Application server example. Returning to our indirect-permission example, we now show how using our ontology can support developers. The Core Ontology of Software Components introduces concepts such as Resource, User, RequestContext, or AccessRight. Associations hold between concepts: grantedForUser between AccessRight and User, definedOnResource between AccessRight and Resource, invokes between one Resource and another, and so on.
The association below, namely permission, holds when a User is directly granted an AccessRight on a Resource. It's defined intensionally, that is, in the form of a rule (the notation resembles Prolog syntax):
(1) permission(u,r) <- User(u) and Resource(r) and AccessRight(ar) and grantedForUser(ar,u) and definedOnResource(ar,r).
We extend the definition with a second rule to also grasp indirect permission. Rule 2 states that a User u1 is also granted permission on Resource r2 if u1 is granted permission on another Resource r1. This in turn invokes r2, performs a context switch, and accesses r2.
(2) permission(u1,r2) <- permission(u1,r1) and executes(r1,i) and Invocation(i) and accesses(i,r2) and Resource(r2) and associatedWith(i,ct) and RequestContext(ct) and contextUser(ct,u2) and permission(u2,r2).
We modeled the invocation as a concept to attach context information. In rule 2, the Invocation i is associatedWith a RequestContext. The latter holds all kinds of information, such as security or transaction context settings. In our case, contextUser models the context switch to another user u2.
Applying an inference engine lets us query for user-resource pairs that these rules deduce at runtime (as we'll demonstrate later in the article.)
Web services example. The Core Ontology of Services provides the basic means to capture WS-BPEL and WS-Policy information coherently. This coherence makes it simple to reason with and query such information. In our case, Rule 3 infers all pairs of Web services x and y where x invokes y and y is attached with a policy:
(3) invokesWebServiceWithPolicy(x,y) <- invokes(x,y) and WebService(x) and WebService(y) and describes(sp,y) and ServiceProfile(sp) and profiles(sp,pd) and PolicyDescription(pd).
The ServiceProfile is the key to obtaining this knowledge. First, it contains a Plan to represent the workflow information obtained from a WS-BPEL file, where the invokes association represents a WS-BPEL partnerLink—that is, an invocation of an external service. Second, it contains a PolicyDescription. In our example, it suffices to model a policy's existence rather than the policy itself.
KAON SERVER
We propose semantic management of software components and Web services in an application server to simplify distributed applications' development and management. We want to leverage our ontology to support developers and administrators in their cumbersome tasks during development, deployment, and runtime. We achieve this by integrating ontology infrastructure in the application server, allowing for reasoning and querying at runtime. We implemented a prototype of our scheme in KAON SERVER, which we created using an existing tool suite and open source application server. 12
Architecture

Figure 8. Our system's overall architecture.

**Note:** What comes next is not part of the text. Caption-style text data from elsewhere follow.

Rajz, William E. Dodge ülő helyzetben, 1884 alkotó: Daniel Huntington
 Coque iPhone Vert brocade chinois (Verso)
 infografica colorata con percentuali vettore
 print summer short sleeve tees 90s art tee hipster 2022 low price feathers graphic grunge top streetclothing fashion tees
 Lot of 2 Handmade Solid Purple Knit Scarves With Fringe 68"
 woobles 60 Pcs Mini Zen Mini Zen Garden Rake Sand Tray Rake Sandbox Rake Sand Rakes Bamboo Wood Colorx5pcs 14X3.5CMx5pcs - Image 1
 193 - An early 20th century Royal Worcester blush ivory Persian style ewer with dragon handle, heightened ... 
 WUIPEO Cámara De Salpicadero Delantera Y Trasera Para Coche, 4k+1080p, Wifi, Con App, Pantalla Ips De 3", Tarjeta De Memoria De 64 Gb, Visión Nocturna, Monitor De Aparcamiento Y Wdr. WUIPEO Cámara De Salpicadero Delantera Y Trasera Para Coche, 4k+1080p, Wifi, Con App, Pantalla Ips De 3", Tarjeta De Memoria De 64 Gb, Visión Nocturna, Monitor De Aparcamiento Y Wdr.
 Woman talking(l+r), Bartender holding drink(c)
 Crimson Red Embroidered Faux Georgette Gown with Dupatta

In the indirect-permission example, the component metadata collector obtains semantic metadata from web.xml and ejb-jar.xml files and information from the source code, as well as metadata from the database regarding the Customer table. The component metadata collector integrates the information into the ontology. The developer or administrator can now use the administration console to query for indirect permission as we sketched in the "Application server example" section.
Regarding the semantic management of Web services, we assume a Web application built of software components (servlets or EJBs) that in turn invoke a number of Web services—that is, they contain the "wiring" application logic. A service metadata collector parses the Web services' WSDL (Web Service Definition Language), WS-BPEL, or WS-Policy documents and integrates this information as instances in the ontology. We might also leverage WS-MetaDataExchange (WS-MEX)—a proposal that enriches each Web service with standardized methods for retrieving WSDL, XML-Schema, and WS-Policy information. The service metadata collector integrates the data into the ontology similarly to the component metadata collector. The service metadata collector can integrate runtime information stemming from, for example, load monitors as well. The developer can query the inference engine using the administration console. We take into account both WSDL and WS-BPEL documents whose URLs the administrator must provide to the Metadata Collector by hand,leaving other documents and the exploitation of WS-MEX or runtime information for future work. 2
In our Web service example, the service metadata collector obtains semantic metadata from the WS-BPEL and WS-Policy files and integrates them into the ontology. The developer or administrator can now use the administration console to query for any externally invoked Web services with attached policies at development time.
Implementation
Our intention wasn't to develop an application server from scratch but to reuse existing ontology tools in an existing application server. So, we used tools from KAON ( http://kaon.semanticweb.org) (our own Karlsruhe Ontology and Semantic Web Tool suite) in the open-source application server JBoss. 13 JBoss provides a flexible and extensible infrastructure based on the Java Management Extensions (JMX, http://java.sun.com/products/JavaManagement/). JMX makes it possible to configure, manage, and monitor Java applications at runtime and to partition applications into exchangeable components. Basically, JMX defines interfaces of managed beans (MBeans), which are JavaBeans that represent JMX manageable resources. MBeans are hosted by an MBeanServer, which allows their runtime deployment and manipulation. All management operations are performed on the MBeans through interfaces on the MBeanServer. We deploy our KAON inference engine and ontology store as an additional MBean and augment the existing component loader and dependency management to exploit the inference engine. You can use our ontology editor to browse, query, and reason with this MBean at runtime. 14
Demonstration
We demonstrate only the indirect-permission example because we're still implementing semantic management of Web services. We use the KAON Toolsuite's ontology editor to browse and query the ontology at runtime. The developer or administrator can execute a query to reveal all of an authenticated user's indirect permissions (the user dob belongs to this group). Click on figure 9 for an audiovisual multimedia demonstration. You can download the code from http://kaon.semanticweb.org/server.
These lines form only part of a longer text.